La méthode location-based : reflet du mix énergétique local

La méthode location-based reflète l’intensité moyenne des émissions du réseau électrique local. En France, selon RTE, l’intensité carbone moyenne du mix électrique était de 19 gCO₂eq/kWh en 2024, contre une moyenne européenne de 250 gCO2eq/kWh.

Cette méthode est obligatoire selon le GHG Protocol et permet d’évaluer l’impact environnemental global du réseau.
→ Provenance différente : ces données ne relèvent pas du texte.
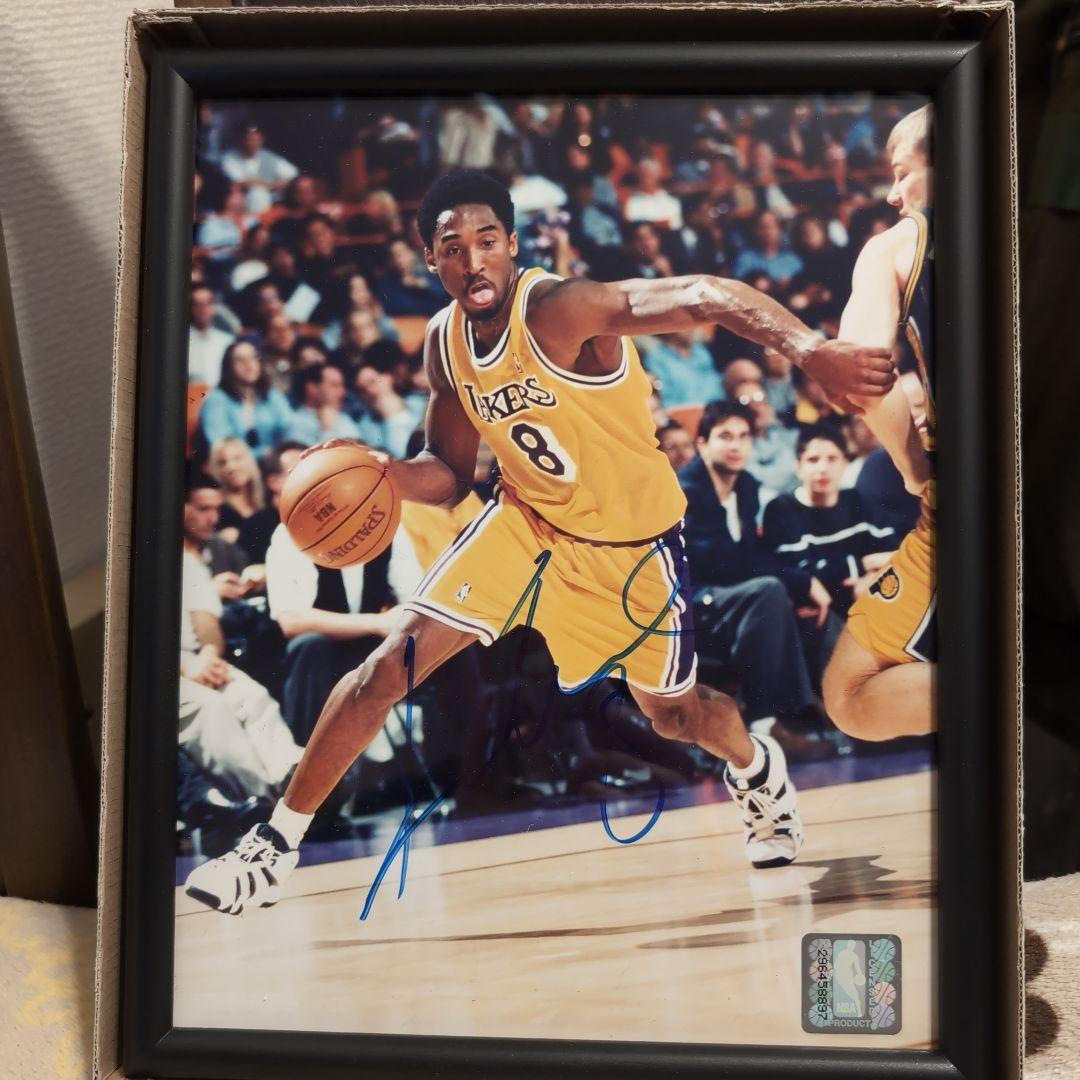 NBA】コービー・ブライアント 直筆サイン額入りフォト(8×10) - メルカリ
Cette approche reflète l’impact collectif de la demande énergétique sur les émissions du réseau, sans tenir compte des contrats ou choix d’électricité de l’entreprise. C’est comme calculer l’empreinte carbone moyenne d’un passager d’avion, peu importe s’il a acheté un billet en classe économique ou business : l’avion consomme la même quantité de carburant.

 

La méthode market-based : valorisation des choix énergétiques

La méthode market-based permet aux entreprises de valoriser leurs achats d’énergie renouvelable via des instruments contractuels spécifiques. Cette approche suit une hiérarchie stricte de facteurs d’émission selon le GHG Protocol, allant des instruments les plus spécifiques aux plus généraux :

  1. Certificats d’attributs énergétiques (Garanties d’Origine en Europe, RECs aux États-Unis)
  2. Contrats directs type PPA (Power Purchase Agreements)
  3. Taux d’émission spécifiques des fournisseurs avec certificats
  4. Mix résiduel national (émissions non couvertes par des certificats)
  5. Facteurs moyens du réseau en dernier recours

Pour être considérés comme fiables, ces instruments doivent répondre à huit critères de qualité stricts. Concrètement, cela signifie que l’énergie comptabilisée doit être récente, traçable, exclusive et transparente, correspondre au réseau utilisé par l’entreprise, et couvrir toutes les émissions concernées sans manipulation ni omission.

Exemple concret : comment les méthodes location-based et market-based diffèrent

Imaginons une PME française qui consomme 10 GWh d’électricité par an.

  • Méthode location-based : on utilise le facteur moyen du réseau électrique local (en France, 27 gCO₂eq/kWh en 2024).
    10 000 MWh × 27 gCO₂eq/kWh = 270 tCO₂e
  • Méthode market-based on prend en compte les achats d’électricité renouvelable via des certificats ou contrats spécifiques. Si 50 % de l’électricité est couverte par des certificats verts :
  • 5 000 MWh avec certificats verts = 0 tCO₂e
  • 5 000 MWh au mix résiduel = 135 tCO₂e
    Total = 135 tCO₂e

Cette différence de 50 % montre à quel point le choix des approvisionnements énergétiques peut influencer le bilan carbone. Elle souligne aussi l’importance de reportings transparents et fiables, pour refléter réellement les efforts de décarbonation et éviter tout greenwashing.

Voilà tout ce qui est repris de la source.